Seit Anfang 2011 wird am IZEW das Projekt „Körperscanner: Reflexionen der Ethik auf Technik und Anwendungskontexte“ (KRETA) durchgeführt. Das wissenschaftliche Team um Projektleiterin Professor Regina Ammicht Quinn untersucht dabei, welche ethischen Fragen und Probleme mit der Herstellung von Sicherheit durch den Einsatz von Körperscannern an Flughäfen (und anderen Orten) verbunden sind.
Für das im Rahmen des Programms „Forschung für die zivile Sicherheit“ des Bundesministeriums für Bildung und Forschung (BMBF) geförderte Projekt wurde nun ein Gerät der Firma Smiths Heimann (Wiesbaden) erworben. Ohne von politischen Konstellationen und Verfügbarkeiten abhängig zu sein, können die Tübinger Wissenschaftler damit Forschung betreiben, die Aufschlüsse über die psychische und psychosoziale Wirkung, die Arbeitsweise sowie die ethischen Dimensionen von Körperscannern gibt.

Die Ethiker untersuchen, inwieweit der Einsatz der Geräte an den Sicherheitskontrollen, beispielsweise am Flughafen, bestimmte Personengruppen systematisch benachteiligt und diskriminiert. Dabei werden besonders Menschen mit abweichenden Körperstrukturen berücksichtigt, z. B. Transsexuelle, aber auch Menschen mit verdeckten Behinderungen. Denn von der Kleidung verdeckte Gegenstände, die der Körperscanner anzeigt, müssen nicht Sprengstoffe oder Waffen sein; bei den „potentiell gefährdenden Gegenständen“ kann es sich auch um Brustprothesen, Inkontinenzeinlagen oder Urinbeutel handeln. Neben Menschen mit abweichenden Körperstrukturen sind auch Menschen mit Bewegungseinschränkungen betroffen, die die Scanposition nicht oder nur schwer einnehmen können, oder Menschen, denen es religiöse Gebote nicht erlauben, sich einem Scan durch einen Körperscanner zu unterziehen. „Bei der Einführung von Sicherheitstechnologien sollte die übliche Abwägung von Freiheit und Sicherheit durch das Kriterium der Gerechtigkeit ergänzt werden“, fordert Regina Ammicht Quinn. Nicht nur Einschränkungen von Freiheit oder Privatheit sollten untersucht werden, so die Tübinger Ethikerin, sondern genauso die mögliche ungerechte oder diskriminierende Wirkung von Sicherheitstechnologien.

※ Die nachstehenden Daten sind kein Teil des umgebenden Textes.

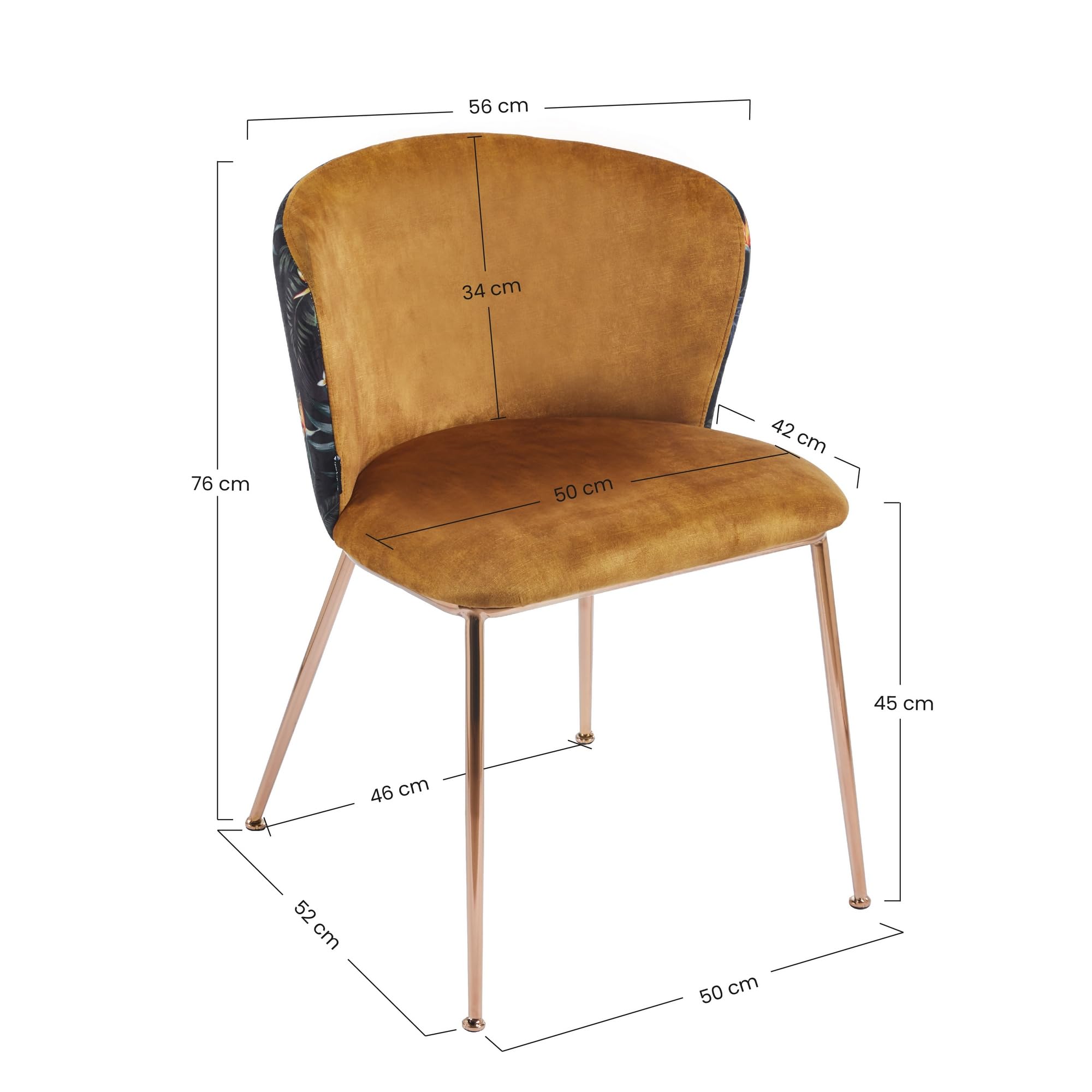 Brigros WeHome - Set 2 Sedie Sala Da Pranzo In Tessuto Con Schienale Con Fantasia Floreale, Sedie Moderne Sala Da Pranzo Charles (Ocra, Oro Rosa)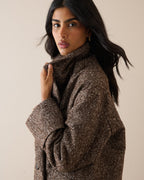 Brown Herringbone Relaxed Coat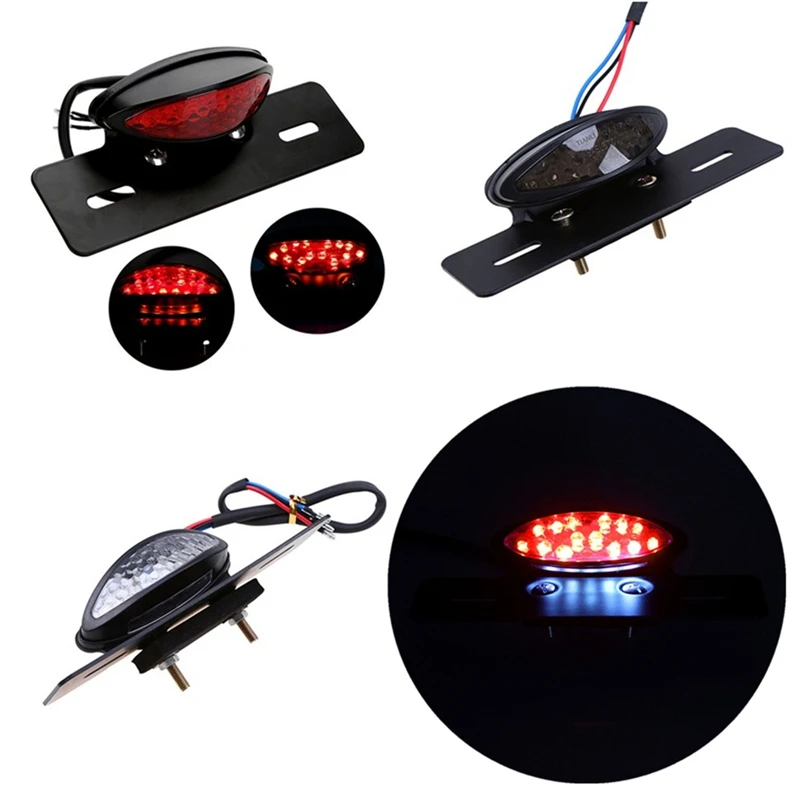 

New Motorcycle LED Rear Brake Tail Light Stop License Plate Lights For Motorbikes Truck ATV Trailer Cafe Racer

Die empirischen Studien über mögliche psychische und psychosoziale Wirkungen des Scanners werden vom Team um Dr. Larissa Wolkenstein vom Fachbereich Psychologie der Universität Tübingen durchgeführt. Die Psychologen und Ethiker erwarten sich durch die Studien Erkenntnisse hinsichtlich der Wirkung von Körperscannern auf Körperschemata und das Befinden sowie auf Einstellungen. Das Gerät wird auch interessierten Kolleginnen und Kollegen aus den Sozial-, Geistes- und Kulturwissenschaften für Forschungs- und Kooperationsprojekte zur Verfügung stehen. „Jegliche Form empirischer und ethischer Forschung zum Einsatz solcher Geräte ist hierbei willkommen.“ Auch Besucher sollen die Möglichkeit bekommen, das Gerät zu besichtigen, etwa bei einem „Tag der offenen Tür“.

Kontakt:

Heidi Schäfer
Universität Tübingen
Internationales Zentrum für Ethik in den Wissenschaften (IZEW)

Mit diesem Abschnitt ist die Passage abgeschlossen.